Ambry’s feature set provides many options to manage the lifecycle of an object. In particular, it provides the ability to:
Explicitly delete objects that were created at any point in time.
Set a time-to-live (TTL) for an object at creation time; once the TTL elapses, Ambry cuts off access to the object for user requests (auto expiry).
These two operations result in objects that are defunct but still resident on disk and open up the possibility of reclaiming the space occupied by them.
As Ambry grew in scale and onboarded more types of use cases at LinkedIn, including cases that used Ambry as a temporary cache for sharing large objects between services (to avoid having to deal with sending large objects, services store the object in Ambry with a TTL and share the Ambry ID), it became increasingly necessary to automatically and periodically reclaim space occupied by these defunct objects.

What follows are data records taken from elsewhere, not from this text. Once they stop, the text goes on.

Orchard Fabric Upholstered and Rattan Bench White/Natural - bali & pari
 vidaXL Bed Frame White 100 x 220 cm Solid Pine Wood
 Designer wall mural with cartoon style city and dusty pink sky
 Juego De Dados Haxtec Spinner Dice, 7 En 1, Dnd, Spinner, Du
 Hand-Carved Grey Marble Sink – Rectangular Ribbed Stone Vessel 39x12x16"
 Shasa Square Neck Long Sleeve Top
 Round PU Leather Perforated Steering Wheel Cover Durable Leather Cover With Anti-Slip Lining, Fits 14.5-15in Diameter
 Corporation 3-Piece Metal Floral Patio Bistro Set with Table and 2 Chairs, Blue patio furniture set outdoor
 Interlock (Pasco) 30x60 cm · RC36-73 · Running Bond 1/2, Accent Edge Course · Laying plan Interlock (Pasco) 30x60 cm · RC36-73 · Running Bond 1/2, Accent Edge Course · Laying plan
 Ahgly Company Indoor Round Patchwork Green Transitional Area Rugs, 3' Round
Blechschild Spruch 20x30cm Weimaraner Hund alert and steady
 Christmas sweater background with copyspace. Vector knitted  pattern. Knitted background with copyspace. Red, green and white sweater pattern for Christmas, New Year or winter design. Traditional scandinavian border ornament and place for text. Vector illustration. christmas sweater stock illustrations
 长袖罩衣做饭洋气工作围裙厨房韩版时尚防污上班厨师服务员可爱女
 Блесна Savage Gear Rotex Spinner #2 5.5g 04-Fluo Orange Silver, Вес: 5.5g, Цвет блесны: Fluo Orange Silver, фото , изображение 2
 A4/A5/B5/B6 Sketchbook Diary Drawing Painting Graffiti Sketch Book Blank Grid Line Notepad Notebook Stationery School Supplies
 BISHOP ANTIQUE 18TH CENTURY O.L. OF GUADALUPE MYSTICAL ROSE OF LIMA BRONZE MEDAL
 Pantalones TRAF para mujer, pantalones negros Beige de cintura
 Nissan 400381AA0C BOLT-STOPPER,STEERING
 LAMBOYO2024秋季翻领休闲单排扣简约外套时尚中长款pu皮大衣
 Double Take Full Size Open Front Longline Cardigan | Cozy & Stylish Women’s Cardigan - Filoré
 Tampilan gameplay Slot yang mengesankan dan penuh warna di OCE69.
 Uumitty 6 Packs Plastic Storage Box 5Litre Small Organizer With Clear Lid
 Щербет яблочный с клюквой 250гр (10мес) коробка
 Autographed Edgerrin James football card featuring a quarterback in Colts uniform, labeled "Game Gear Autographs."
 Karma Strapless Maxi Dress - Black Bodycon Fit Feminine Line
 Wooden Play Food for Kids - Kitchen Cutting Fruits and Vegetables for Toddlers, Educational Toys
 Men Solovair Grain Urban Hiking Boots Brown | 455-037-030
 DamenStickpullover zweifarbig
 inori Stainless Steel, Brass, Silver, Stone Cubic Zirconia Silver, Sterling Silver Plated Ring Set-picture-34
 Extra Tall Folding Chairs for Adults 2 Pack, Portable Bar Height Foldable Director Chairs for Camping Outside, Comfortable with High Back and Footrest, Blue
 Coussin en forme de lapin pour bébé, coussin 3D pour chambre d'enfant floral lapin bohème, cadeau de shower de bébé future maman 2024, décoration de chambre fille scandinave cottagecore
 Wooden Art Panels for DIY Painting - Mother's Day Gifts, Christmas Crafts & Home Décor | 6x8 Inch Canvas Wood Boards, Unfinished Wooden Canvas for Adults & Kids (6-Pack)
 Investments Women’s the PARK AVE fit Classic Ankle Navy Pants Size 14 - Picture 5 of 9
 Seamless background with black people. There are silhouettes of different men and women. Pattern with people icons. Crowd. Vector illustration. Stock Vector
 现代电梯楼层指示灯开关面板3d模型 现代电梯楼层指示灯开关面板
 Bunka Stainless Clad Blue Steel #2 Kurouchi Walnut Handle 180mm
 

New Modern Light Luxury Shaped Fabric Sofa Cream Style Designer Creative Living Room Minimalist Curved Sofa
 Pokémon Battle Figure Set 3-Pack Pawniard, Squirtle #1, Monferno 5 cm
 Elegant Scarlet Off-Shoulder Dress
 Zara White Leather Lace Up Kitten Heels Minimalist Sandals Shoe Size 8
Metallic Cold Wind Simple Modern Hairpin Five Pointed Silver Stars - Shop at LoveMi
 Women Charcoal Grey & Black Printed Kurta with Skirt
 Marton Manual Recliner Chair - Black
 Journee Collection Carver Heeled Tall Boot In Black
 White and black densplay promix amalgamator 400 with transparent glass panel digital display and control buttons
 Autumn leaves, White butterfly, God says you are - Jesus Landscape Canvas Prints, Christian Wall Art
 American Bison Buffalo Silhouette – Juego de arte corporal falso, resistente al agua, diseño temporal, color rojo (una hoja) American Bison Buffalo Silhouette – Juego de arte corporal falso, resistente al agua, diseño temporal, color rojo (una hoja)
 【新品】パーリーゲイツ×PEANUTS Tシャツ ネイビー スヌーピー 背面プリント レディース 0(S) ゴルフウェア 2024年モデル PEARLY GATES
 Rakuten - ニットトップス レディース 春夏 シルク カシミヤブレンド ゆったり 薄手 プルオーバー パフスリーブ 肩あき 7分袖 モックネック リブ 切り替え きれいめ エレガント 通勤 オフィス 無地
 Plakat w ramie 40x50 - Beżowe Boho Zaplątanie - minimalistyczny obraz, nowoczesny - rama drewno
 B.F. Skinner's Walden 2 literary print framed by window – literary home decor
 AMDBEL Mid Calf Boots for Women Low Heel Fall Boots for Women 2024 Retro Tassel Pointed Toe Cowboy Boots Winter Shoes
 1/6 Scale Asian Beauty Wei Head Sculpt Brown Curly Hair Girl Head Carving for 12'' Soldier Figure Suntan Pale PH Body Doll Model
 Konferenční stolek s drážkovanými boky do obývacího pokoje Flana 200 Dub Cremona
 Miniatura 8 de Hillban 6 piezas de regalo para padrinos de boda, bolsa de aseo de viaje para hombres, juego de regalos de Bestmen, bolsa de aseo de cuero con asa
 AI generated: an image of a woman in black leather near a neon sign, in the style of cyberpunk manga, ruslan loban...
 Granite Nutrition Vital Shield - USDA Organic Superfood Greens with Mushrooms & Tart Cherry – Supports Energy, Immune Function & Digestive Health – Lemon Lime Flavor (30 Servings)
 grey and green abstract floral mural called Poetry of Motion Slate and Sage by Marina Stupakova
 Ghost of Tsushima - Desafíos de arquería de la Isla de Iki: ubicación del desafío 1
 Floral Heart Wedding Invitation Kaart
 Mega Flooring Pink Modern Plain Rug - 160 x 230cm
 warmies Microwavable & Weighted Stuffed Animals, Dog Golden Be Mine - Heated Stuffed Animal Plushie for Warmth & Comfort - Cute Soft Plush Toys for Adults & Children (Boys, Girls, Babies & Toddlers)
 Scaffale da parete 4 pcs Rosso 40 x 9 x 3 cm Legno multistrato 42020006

In fact, Ambry’s storage footprint at LinkedIn is in the petabytes, with nearly 10% of objects that are uploaded to Ambry having a TTL of a week and between 30-40% of them either expiring or being deleted within 3-6 months. So, as a cost-to-serve reduction initiative, the benefit of regularly cleaning up defunct objects is straightforward, as it enables a more efficient use of the available storage and reduces cost.
This blog post is about the major data compaction initiative we’ve undertaken to make effective use of available storage by efficiently cleaning up defunct objects.
Data compaction in Ambry
In general, data compaction (or “compaction” for short) involves one or a combination of techniques including but not limited to: more compact representations of data, removal of unnecessary redundancy, and cleanup of defunct objects. In Ambry, data compaction refers to the cleanup of objects in storage that are either deleted or past their TTL. The following sections go into more detail, including a discussion of the storage abstractions, changes we made to make them more amenable to compaction, the compaction process, its execution strategy, and more.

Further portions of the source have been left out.